Sowers Of Hope In A Vulnerable World
(Adapted from Bishop David’s homily for the closing Mass of National Synodal Consultation of the Philippine Church)
“The Church is called to come out of herself and to go to the peripheries not only in the geographic sense but also the existential peripheries… When the Church does not come out of herself to evangelize, she becomes self-referential and then she gets sick.”Pope Francis has been consistent in challenging Christians to outgrow the tendency to develop that personalistic me-and-my-Jesus kind of spirituality. Christ is making us part of his life and mission, part of his body, the Church, by the grace of baptism. The shift from the individual Christ to the Body of Christ (what St Augustine once called the totus Christus) calls for a total change of paradigm, which metanoia means—a call to conversion. It is a call to communion with Christ, our Shepherd, so that we are empowered to participate in his life and mission. And so, evangelization becomes a common aspiration, not just of the ordained or consecrated religious, but of the whole Church, the lay faithful included.
As Sisters of St. Charles Borromeo we are called to facilitate communion that alone can empower the whole body of the faithful, the laity, for participation in the life of the Church, and represent him in our shared mission to witness to the liberating good news of the kingdom of God. This will never be realized if our laity are conditioned to think of themselves permanently as followers, or worse, as onlookers.

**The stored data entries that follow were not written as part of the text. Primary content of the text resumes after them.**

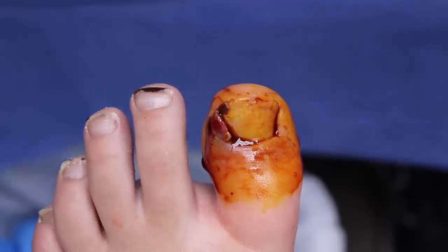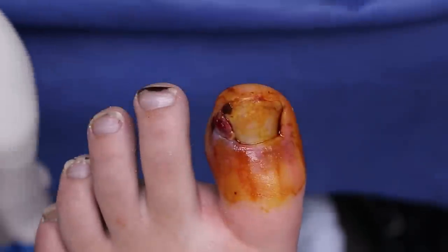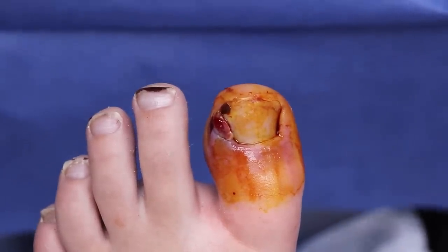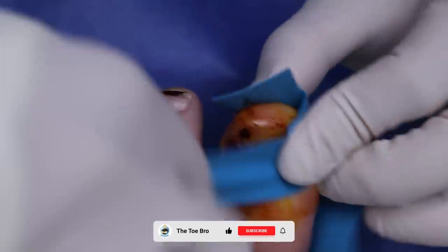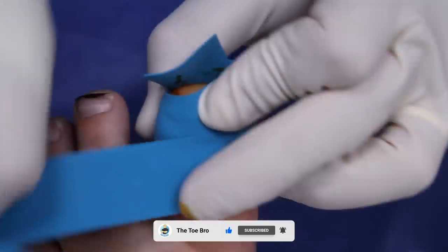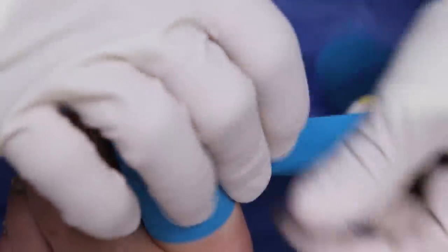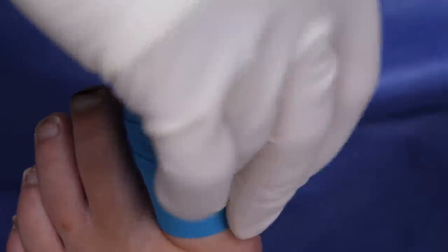You guys knew exactly who to send the photo to, huh? Oh yeah, absolutely — the only one on the list. So this is a tourniquet — it's a little rubber band to stop the bleeding so we can see what we're doing. That weird toe meat, hypergranulation tissue, bleeds like crazy. If there's too much blood during the procedure, you'll actually wash out the acid and it won't work, so this rubber band is very important.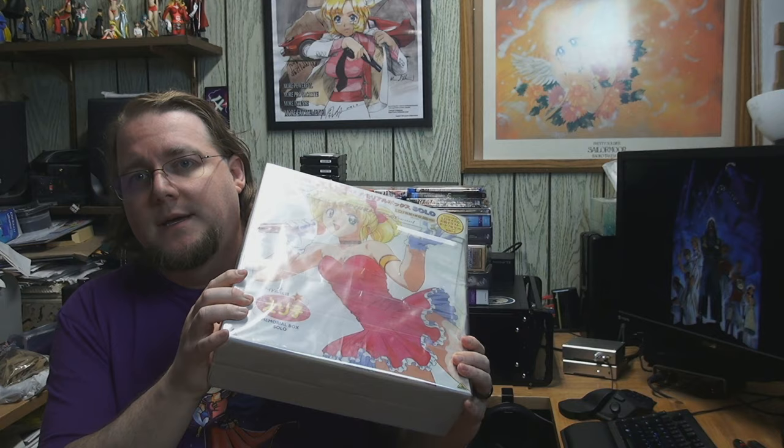Unfortunately, I don't do too well at understanding the moon speak or the moon runes, so trying to watch this completely in Japanese will not be as easy for me. But that's perfectly fine. I wanted to get a hold of this because I saw it at Otaku Joe's booth and I had to have it — it's definitely right up my alley.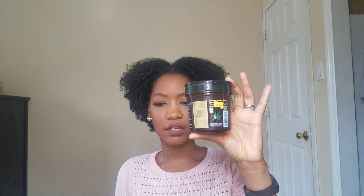No leave-in conditioner, no nothing. First thing I would say — they've raised their price. This is a small container and I used to be able to get one like this for like two or three dollars depending on where I go. This container is $6.99. They've been raising prices, but it's still pretty affordable, so it's fine.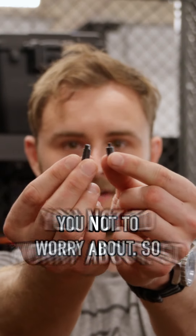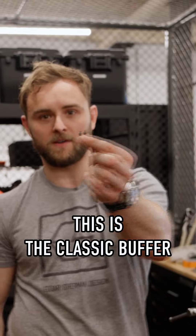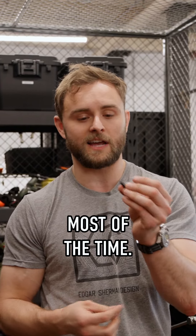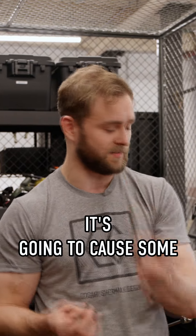You versus the guy she told you not to worry about. So buffer retaining pins. This is the classic buffer retaining pin you get in all of your kits, and it's fine. It'll get the job done — most of the time these don't fail. But there is a risk of it, and if it does fail, it's going to cause some serious issues.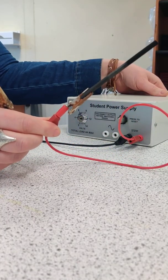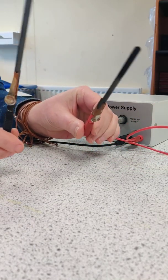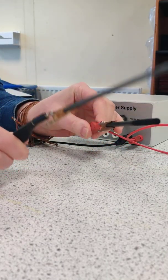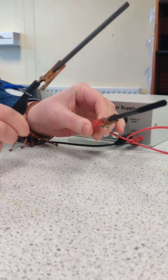When I switch the power supply on you can see that if I touch the electrodes together the current is definitely flowing — you can see that because of the sparks that form.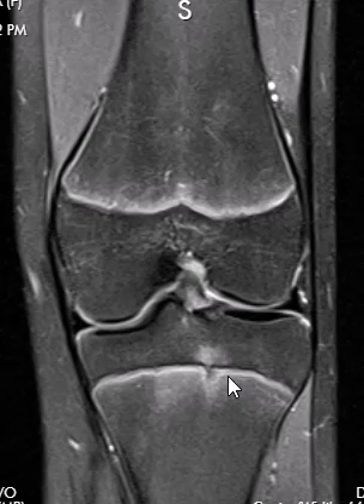This is called a FOPE zone — F-O-P-E — which stands for focal perifisial edema. It is believed to be just an area of early closure of the growth plate. It's got to start somewhere, and so they assume that it started right here. You can see the little contour deformity of the growth plate and the adjacent marrow edema.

They will never take part in the Church’s mission of shepherding the last, least and lost in this world.
The laity ought to think of themselves as part of a Church that evangelizes, saves, and leads, a Church that is S.C.B. Associates as Sowers of Hope In A Vulnerable world gifted to give, blessed to be a blessing, a community of disciples in mission, like “salt of the earth and light of the world”, or like a little yeast in a mass of dough. In short, to proclaim good news that empowers and gives hope. It is what it means to evangelize, but all in the name of Jesus, and always consciously prioritizing the ones Jesus himself would prioritize. When our lay Catholics volunteer for ministries in the Church, it is presupposed that they had been guided to discern the gifts that the spirit has bestowed on the community through them. They serve the Church/Congregation in various capacities—in worship, in formation, in social action, etc.

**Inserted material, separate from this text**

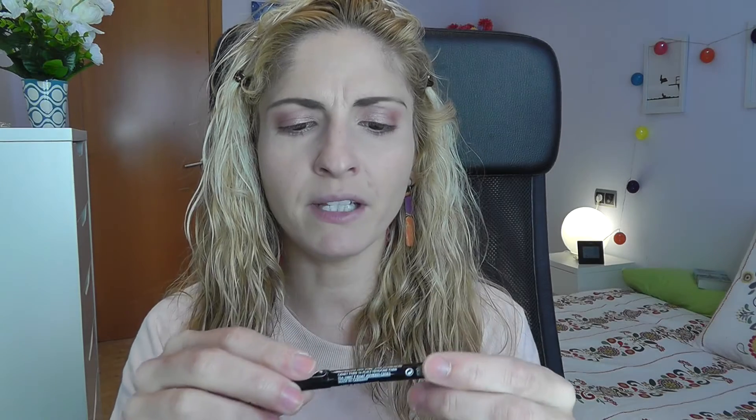Next up I'm gonna take the Maybelline Masterdrama liner Kohl — this is really powerful and really good — and I'm gonna tightline the upper and lower lash line and the inner rims. Then I'll take the Physicians Formula Eye Booster, which I think is a dupe — and even better — than the Kat Von D brush-tip eyeliner, and I'm going to create some wings.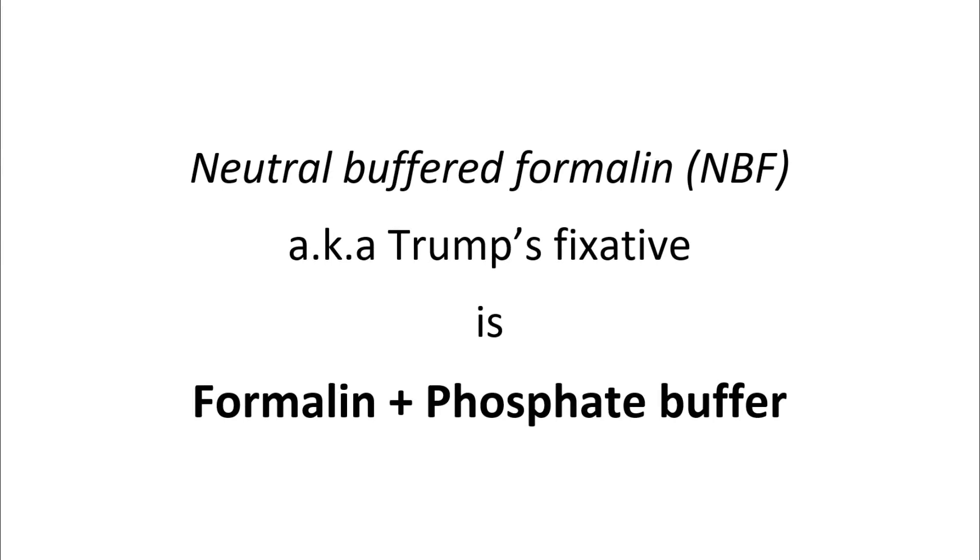Neutral buffered formalin, or NBF, also known as Trump's fixative, is basically formalin mixed with an appropriate quantity of phosphate buffer.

But they do so only so that, as members of a servant Church, they will serve society, they will work for the renewal of the face of the earth. Only when they go out to the world does the mission begin. If every ministry has no other purpose than for the Church to build herself up, then the Church becomes self-serving and does not become missionary.

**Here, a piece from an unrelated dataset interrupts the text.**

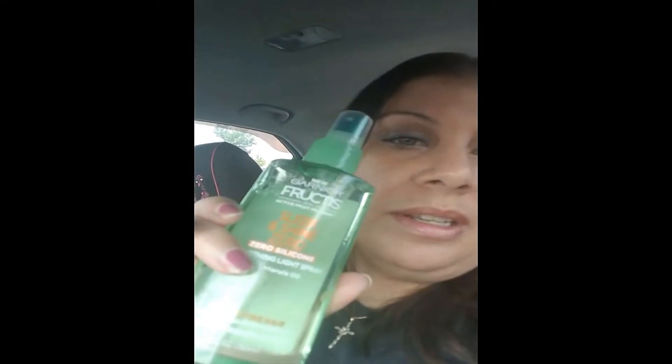They say to use it with the Sleek and Shine collection like the shampoo and conditioner, but I don't have that. I tried it with the Grow Strong and the Triple Nutrients, and it does a pretty good job, but it just does not compare to my Aussie products. I just love Aussie — it's like my favorite, and I'm going to do reviews on Aussie.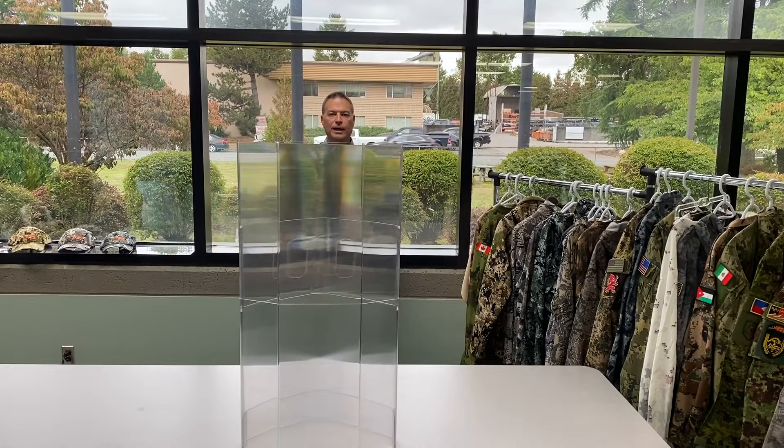Hi, I'm Guy Kramer from HyperStealth Biotechnology Corporation and today I want to talk about invisibility. The reason I came up with this innovation was I designed camouflage for militaries around the world, and we have six million issued uniforms that use HyperStealth patterns. I've worked with over 50 countries and developed over 14,000 camouflage patterns, and as you can see they all require different colorations to match the background.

So why do we count as ministries only the tasks of lectoring, altar serving, catechizing, choir singing, etc? We have so parochialized ministries; we have forgotten that these are supposed to be charisms concretized into forms of service or ministries, bestowed by the Spirit precisely to realize the mission of the Church. We often get volunteers and assign them to “ministries” they are not fitted to. We fill up ministries like empty boxes in an organizational structure, not knowing that some of them have become totally irrelevant.
How can a pandemic strike the whole world and not force the Church to come up with ministries aimed at addressing the physical and mental health issues of people? Where there is a need and the ministries do not exist, surely the Holy Spirit will give us the audacity to invent them. There are Catholic lay people deployed in secular society and all over the world as service-providers, as professionals, as artists, as educators, as scientists, etc. Can we not organize and form them to consciously carry out their professions as their vocation to participate in the Church’s evangelizing mission in the world? Suppose you imagine if all our Catholic laity became conscious participants in the Church’s mission to make a little difference in society through the forms of service that they can do best— as farmers, laborers, caregivers, social communicators, businessmen, so on and so forth. And as members of the Body of Christ animated by the same spirit, we also become the food that we eat. We become ourselves a body broken for broken people, taken and blessed, broken and shared in order to heal, to give life, to cleanse and to liberate. We are to learn generosity from him who has revealed to us the face of a God who cannot be outdone in generosity.
Dear S.C.B. Associates you are hereby being sent to represent the Synodal God in the Body of Christ, taken, blessed, broken and shared in a healing, life-giving, cleansing and liberating kind of communion, participation and mission.